What a young person should actually do
Specific, testable action implied by your picture.

5Sentence stems

  • Three strands from the year converge on ___.
  • From [earlier article], I am taking ___; from [this one], ___; from [another], ___.
  • These fit together when you treat ___ as the frame and ___ as the mechanism.
  • Where they tension is ___, and the honest resolution is ___.
  • My working picture is ___.
  • What this implies for the next ___ of my life is ___.

6Exemplar paragraph (not about this article)

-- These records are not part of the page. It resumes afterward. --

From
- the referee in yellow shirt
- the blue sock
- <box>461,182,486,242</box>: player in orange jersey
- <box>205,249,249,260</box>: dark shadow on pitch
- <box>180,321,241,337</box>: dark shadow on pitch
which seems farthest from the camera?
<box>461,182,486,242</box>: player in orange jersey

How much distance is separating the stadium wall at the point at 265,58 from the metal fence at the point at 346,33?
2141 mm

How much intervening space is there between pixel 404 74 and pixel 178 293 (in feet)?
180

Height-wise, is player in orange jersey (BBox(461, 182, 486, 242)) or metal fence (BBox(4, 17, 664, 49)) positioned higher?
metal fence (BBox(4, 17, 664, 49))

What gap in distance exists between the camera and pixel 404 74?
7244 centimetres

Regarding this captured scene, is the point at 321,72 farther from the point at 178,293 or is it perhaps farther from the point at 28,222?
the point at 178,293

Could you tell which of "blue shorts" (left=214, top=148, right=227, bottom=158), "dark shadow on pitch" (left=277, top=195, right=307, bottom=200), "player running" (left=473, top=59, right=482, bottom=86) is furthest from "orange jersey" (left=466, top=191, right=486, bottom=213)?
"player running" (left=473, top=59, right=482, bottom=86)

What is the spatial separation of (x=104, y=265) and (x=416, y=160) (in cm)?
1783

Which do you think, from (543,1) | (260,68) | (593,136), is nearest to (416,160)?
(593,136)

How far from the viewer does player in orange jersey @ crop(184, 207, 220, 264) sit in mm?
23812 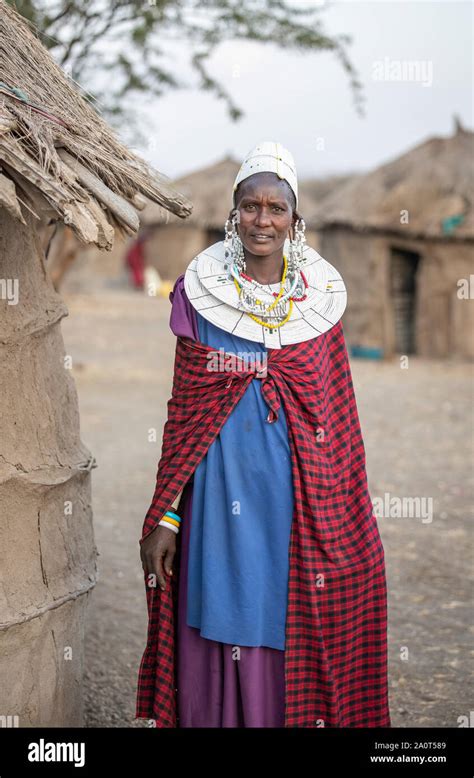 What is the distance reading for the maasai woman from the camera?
276 centimetres

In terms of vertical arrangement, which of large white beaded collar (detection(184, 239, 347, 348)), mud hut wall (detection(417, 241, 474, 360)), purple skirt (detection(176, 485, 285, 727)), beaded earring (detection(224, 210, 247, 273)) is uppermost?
mud hut wall (detection(417, 241, 474, 360))

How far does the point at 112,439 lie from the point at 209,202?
16.1 meters

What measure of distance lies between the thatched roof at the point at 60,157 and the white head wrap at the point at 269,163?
0.41 m

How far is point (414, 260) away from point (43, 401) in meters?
15.6

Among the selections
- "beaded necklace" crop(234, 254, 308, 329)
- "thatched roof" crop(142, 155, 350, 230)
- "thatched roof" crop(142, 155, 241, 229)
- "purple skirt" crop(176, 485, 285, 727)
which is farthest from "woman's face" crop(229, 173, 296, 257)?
"thatched roof" crop(142, 155, 241, 229)

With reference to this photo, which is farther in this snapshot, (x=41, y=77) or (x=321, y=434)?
(x=41, y=77)

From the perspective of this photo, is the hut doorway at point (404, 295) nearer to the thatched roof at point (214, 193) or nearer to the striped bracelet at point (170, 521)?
the thatched roof at point (214, 193)

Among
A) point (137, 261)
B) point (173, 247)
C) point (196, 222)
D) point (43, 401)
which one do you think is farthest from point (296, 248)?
point (137, 261)

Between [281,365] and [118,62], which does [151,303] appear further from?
[281,365]

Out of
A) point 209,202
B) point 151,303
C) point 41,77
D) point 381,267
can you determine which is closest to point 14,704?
point 41,77

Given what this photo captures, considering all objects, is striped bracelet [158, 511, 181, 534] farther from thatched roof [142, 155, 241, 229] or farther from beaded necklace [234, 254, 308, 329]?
thatched roof [142, 155, 241, 229]

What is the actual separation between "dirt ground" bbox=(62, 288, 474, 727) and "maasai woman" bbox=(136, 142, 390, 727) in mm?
957

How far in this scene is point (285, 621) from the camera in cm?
276

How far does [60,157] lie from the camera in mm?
2926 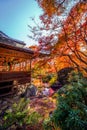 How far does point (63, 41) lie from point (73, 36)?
0.82 m

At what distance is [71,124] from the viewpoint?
3080mm

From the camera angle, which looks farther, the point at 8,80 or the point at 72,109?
the point at 8,80

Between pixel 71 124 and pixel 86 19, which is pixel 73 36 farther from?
pixel 71 124

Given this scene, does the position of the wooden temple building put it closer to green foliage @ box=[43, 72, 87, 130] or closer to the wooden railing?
the wooden railing

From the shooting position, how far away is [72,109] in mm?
3291

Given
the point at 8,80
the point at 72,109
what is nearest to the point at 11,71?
the point at 8,80

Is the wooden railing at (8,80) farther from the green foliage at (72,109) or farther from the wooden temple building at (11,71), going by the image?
the green foliage at (72,109)

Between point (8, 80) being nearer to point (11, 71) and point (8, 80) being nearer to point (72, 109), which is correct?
point (11, 71)

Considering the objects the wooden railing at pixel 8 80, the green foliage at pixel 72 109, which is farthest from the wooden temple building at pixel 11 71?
the green foliage at pixel 72 109

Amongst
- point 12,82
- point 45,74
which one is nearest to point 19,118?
point 12,82

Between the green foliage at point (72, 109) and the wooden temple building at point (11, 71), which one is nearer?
the green foliage at point (72, 109)

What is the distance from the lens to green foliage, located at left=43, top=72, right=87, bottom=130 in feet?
10.1

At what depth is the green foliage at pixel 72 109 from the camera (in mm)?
3074

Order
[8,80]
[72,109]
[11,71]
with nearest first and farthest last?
[72,109], [8,80], [11,71] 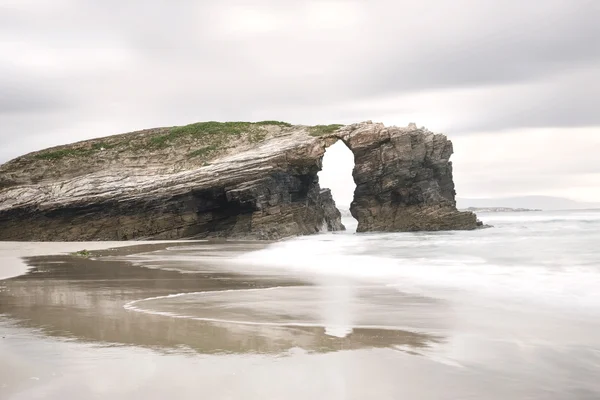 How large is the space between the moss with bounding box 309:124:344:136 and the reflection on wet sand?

(1) Three strands from the year converge on a specific picture of character. From the practice tradition (Aristotle, Franklin’s thirteen-virtue experiment, the Stoic evening review), I am taking the claim that virtues are built through many small repeated acts. (2) From the situationist research (Darley’s Good-Samaritan study in particular), I am taking the claim that situation explains much more of behaviour than strong-trait theories expected. (3) From the teen-brain article earlier in the year, I am taking the claim that self-regulatory capacity is still developing and responds to environmental design. (4) These fit together when you treat character as a weaker, situation-shaped, practice-built disposition: real, cultivable, but not the stable essence that moral exhortation assumes. (5) Where they tension is on whether there is anything stable at all; Miller’s mixed-traits view resolves this — people have partial virtues that work in some situations and fail in others. (6) What this implies, for the next decade of my life, is to treat character less as a thing I am and more as a pattern I assemble: choose environments that make good behaviour easy, pick a few specific practices to repeat, expect failure in specific situations and build for those, and not conclude from a single lapse that I am without a virtue I am still building.

What this paragraph does, move by move

  1. Names three threads with specific claims.
  2. Shows where they converge on a single picture.
  3. Names the real tension between them.
  4. Uses Miller’s mixed-traits view to resolve the tension.
  5. States the working picture in two sentences.
  6. Closes with a specific, testable implication for action.